In real terms, overall GDP is estimated to grow by 0.15 percent. However, non-oil GDP is estimated to grow by 3.0 percent, with government sector growing by 4.00 percent and private sector by 2.54 percent in 2009. All components of the GDP recorded positive growth in 2009, except the oil sector. In particular, the industrial sector is estimated to grow by 2.20 percent; construction sector by 3.90 percent; electricity, gas, and water sector by 3.35 percent; transport and communication sector by 6.00 percent; wholesale, retail, restaurants, and hotels by 2.00 percent; and finance, insurance and real estate by 1.80 in constant prices. In addition, private sector contribution to GDP is projected to be 47.80 percent in constant prices.
2 - General Price Level
Inflation, as measured by the cost of living index, is estimated at 4.40 percent in 2009, while the non-oil GDP deflator showed an increase of 2.40 percent.

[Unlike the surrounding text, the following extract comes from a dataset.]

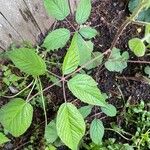 Rubus macrophyllus Blad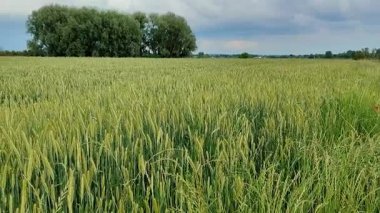 Videoda yeşil buğday tarlası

3 - Foreign Trade and Balance of Payment
The Saudi Arabian Monetary Agency (SAMA) estimates the total value of exports of goods and services at SR 691.6 billion ($184.4 billion) in 2009, representing a contraction of about 41.0 percent compared to 2008. Non-oil exports of goods are estimated at SR 101.8 billion ($27.1 billion), reflecting a decline of 16.4 percent and representing 15.0 percent of total goods exported.

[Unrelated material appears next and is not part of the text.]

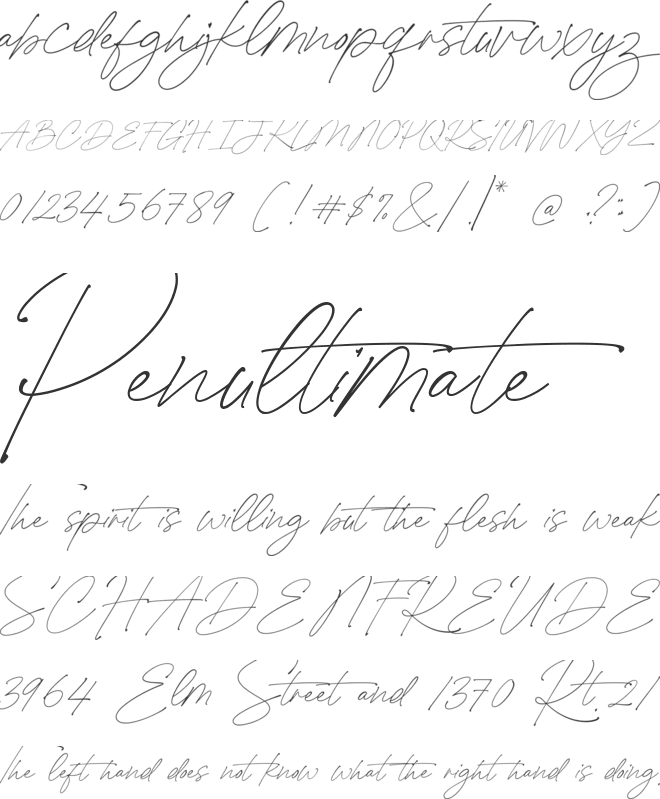 La Plata font preview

Total imports of goods are estimated at SR 301.3 billion ($80.4 billion) in 2009, representing a decline of 21.0 percent compared to 2008.
According to SAMA preliminary data, trade balance is estimated to record a surplus of SR 390.3 billion ($104.1 billion) in 2009, a decline of 50.9 percent compared to last year, as a result of the decline in oil price and quantity as well as non oil exports.

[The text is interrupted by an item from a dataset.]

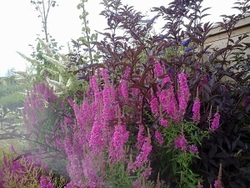 Private Gardens portfolio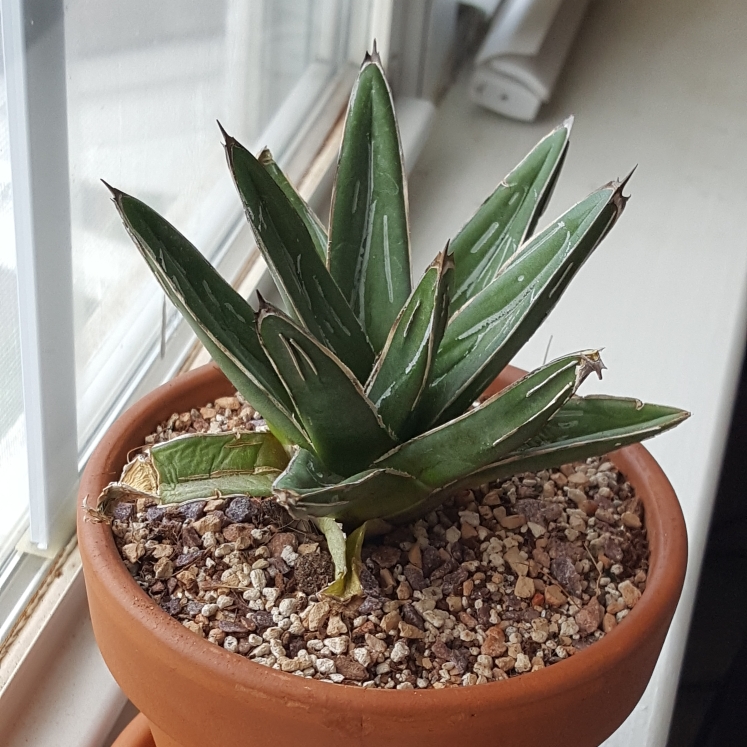plant image 854419 plant image 854419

Current account is estimated to record a surplus amounting to SR 76.7 ($20.5) billion in 2009 compared to SR 496.2 billion ($132.3 billion) in 2008, a decline of 84.5 percent.
4 - Money and Banking
The broad money supply during the first ten months of FY 2009 grew by 8.0 percent. Bank deposits recorded a growth rate of 8.2 percent during the first ten months of 2009 and total banks claims on public and private sectors declined by 5.7 percent. Banks’ capital and reserves increased by 24.1 percent reaching SR 163.6 billion ($43.63 billion).
5 - Capital Market
The Capital Market Authority (CMA) continued its efforts to develop the bonds market and improve the transparency, fairness, and investors’ protection.
On deepening the financial market and providing more investment opportunities, the CMA has approved 10 IPOs totaling about SR 26.6 billion ($7.1 billion) It has licensed 24 mutual funds and 14 new brokerage and portfolio management firms, increasing the number of licensed firms to 124.
6 - Other Developments
a. The 2009 Article IV Consultation of the IMF with Saudi Arabia concluded that the prospect of Saudi Arabia’s economy is positive and the performance of non-oil sector will remain strong.
b. Standard and Poor’s (S&P) Ratings maintained Saudi Arabia sovereign rating at (AA-).
c. The IFC 2010 Report on Ease of Doing Business ranked Saudi Arabia at 13 among 183 countries, up from rank 15 in 2009 Report.
d. New fiscal, institutional, and structural reforms have been introduced in 2009. These included restructuring of Agriculture Development Fund, the creation of the National Committee for Clean energy Development, National Plan for Nuclear and Radiation Emergency, Tax Incentives for Investment in Some Geographical Areas, By-Laws for non-profit Technical and Vocational Training, and rules for dealing with national employees in sectors slated for privatization, among others.